Lynn, who had no formal music training but spent hours every day singing her babies to sleep, was known to churn out fully textured songs in a matter of minutes. She just wrote what she knew.
Her family had little money. But those early years were some of her fondest memories, as she recounts in her 1971 hit, “Coal Miner’s Daughter”: “We were poor but we had love; That’s the one thing that daddy made sure of.”
As a young teenager, Loretta met the love of her life in Oliver “Doolittle” Lynn, whom she affectionately called “Doo.”
The pair married when Lynn was 15 — a fact cleared up in 2012, after the Associated Press discovered Lynn was a few years older than she had said she was in her memoir — and Lynn gave birth to their first of six children the same year
She lived in poverty for much of her early life, began having kids by age 17.
The couple soon headed to Washington state in search of jobs.
Music wasn’t a priority for the young mother at first. She’d spend her days working, mostly, picking strawberries in Washington state while her babies sat on a blanket nearby.
But when her husband heard her humming tunes and soothing their babies to sleep, he said she sounded better than the girl singers on the radio.
He bought her a $17 Harmony guitar and got her a gig at a local tavern.
She spent years married to a man prone to drinking and philandering — all of which became material for her plainspoken songs.
Lynn’s life was rich with experiences most country stars of the time hadn’t had for themselves — but her female fans knew them intimately.

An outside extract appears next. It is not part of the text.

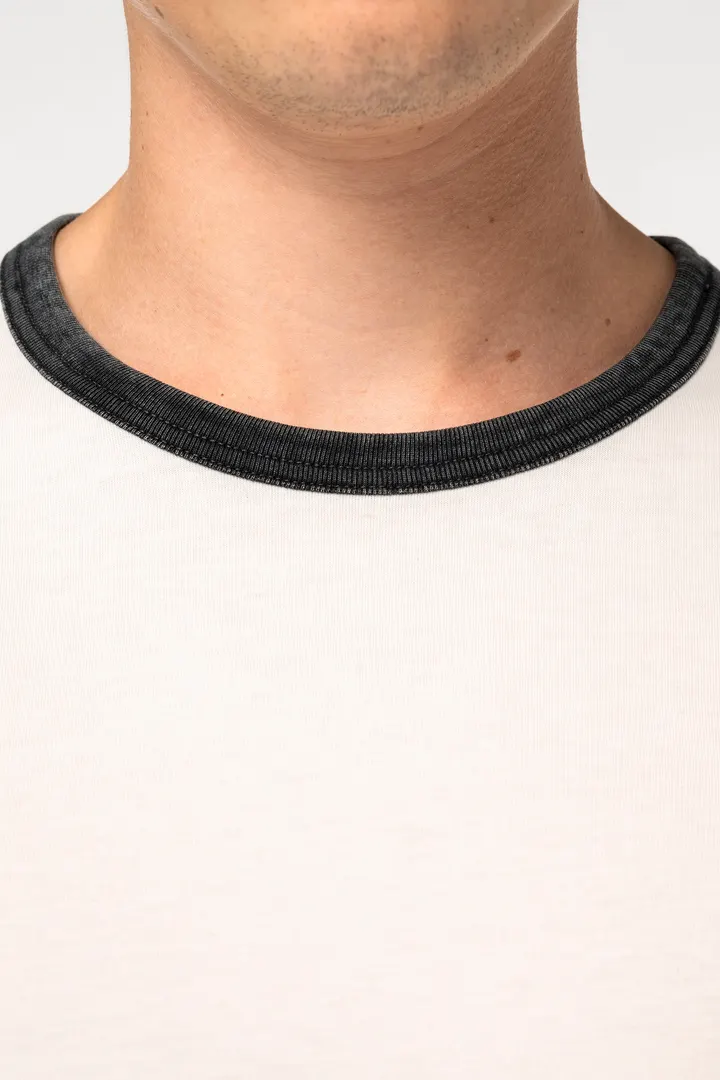T-shirt ringer écoresponsable à bords contrastés effet délavé homme 7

Lynn scored hits with fiery songs like “Don’t Come Home A’ Drinkin’ (With Lovin’ On Your Mind)” and “You Ain’t Woman Enough (To Take My Man),” which topped the country charts in 1966 and made her the first female country singer to write a No. 1 hit.
Her songs recounted family history, skewered lousy husbands and commiserated with women, wives and mothers everywhere.

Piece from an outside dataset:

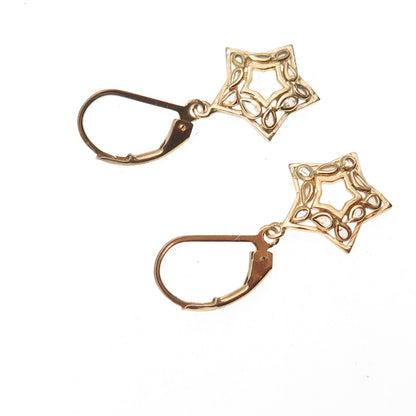 D'Joy 925 Sterling Silver Gold Plated Real Rose-Cut Diamond Star Dangle Earrings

The success of her first single landed Lynn on the stage of the Grand Ole Opry in Nashville and, soon, a contract with Decca Records. She quickly befriended country star Patsy Cline, who guided her through the fame and fashion of country stardom until her shocking death in a plane crash in 1963.
She documented her upbringing in the bestselling 1976 memoir “Coal Miner’s Daughter,” co-written with George Vecsey.
A 1980 biographical film by the same name won an Academy Award for actress Sissy Spacek and brought Lynn wider fame.
Lynn’s success also helped launch the music careers of her sisters, Peggy Sue Wright and Crystal Gayle.
Lynn won numerous awards throughout her career, including three Grammys and many honors from the Academy of Country Music.
She earned Grammys for her 1971 duet with Conway Twitty, “After the Fire is Gone,” and for the 2004 album “Van Lear Rose,” a collaboration with Jack White of the White Stripes that introduced her to a new generation of fans.